You will have to forgive me being a little jumpy about our new DEFRA secretary, Michael Gove, suggesting that we can reduce import tariffs on food so that British consumers can eat cheaper food. Last time that was tried in the 1920s and 1930s, large parts of my farm were completely abandoned for farming.

So dilapidated and grown over with bramble, gorse, scrub and even trees did the land become that, by the outbreak of world war two in 1940, no attempt was made to clear the land throughout the conflict. The effort of doing so would have soaked up too much manpower and machinery so it was not until the 1950s, in response to land clearance grants and peace time production subsidies, that the land was returned to farming.

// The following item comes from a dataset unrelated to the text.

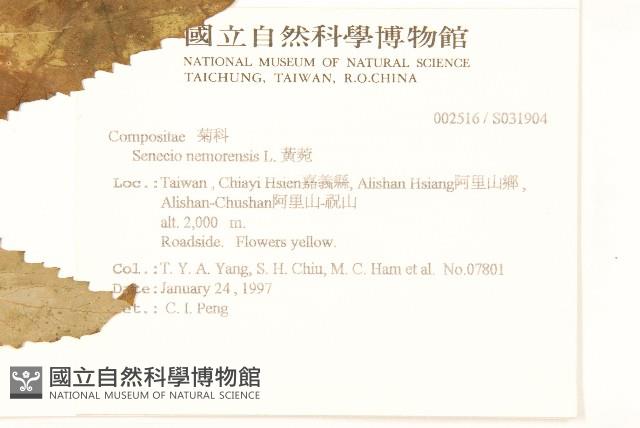 黃菀藏品圖，第2張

Mr Gove has made a political career out of criticising the European Union so I suppose it shouldn’t come as a surprise to me that he is now seeking to reduce EU trade tariffs. But it is surely still very bad luck on farmers to find such a hard line free trade ideologue as Mr Gove in charge of developing post Brexit British agricultural policy.

Most of the political focus, when it comes to farming and Brexit, has fallen on the basic payment scheme (BPS). But, important though the BPS is to farmers, it is outweighed by the benefits of EU tariff protection. EU import tariffs, for instance, are currently 50% on pork, 74% on fresh milk, 63% on butter, 51% on sheep meat and 53% on wheat. The degree to which farm gate prices would fall if these tariffs were ever removed doesn’t bare thinking about.

In the 1920s and 1930s the effect of exposing UK farming to free trade was calamitous. Cheap food flooded into the country from both the British Empire and the United States. The repeal of the corn laws after world war one opened the door to US wheat production and by the end of the 1920s UK production of grain had collapsed.

I suspect that this time around production from new world countries such as the US and Australia are less of a threat than they were in the 1920s. Today they pay their workers high wages, observe well developed environmental protection regulations and export their goods priced in relatively strong and stable currencies.

A much bigger threat to British arable farmers these days is surely grain producers in developing countries. Farms in the likes of India, Indonesia and Zambia are large enough to be highly efficient but pay their workers low wages and price their exports in weak currencies.

Mr Gove is planning his radical overhaul of farm policy post Brexit and will be free of the protectionist constraints of the common agricultural policy that he so hates. Won’t it be an extraordinary coincidence if he returns my downland farm to scrub in the 2020s, just as a previous generation of pro free trade politicians did in the 1920s?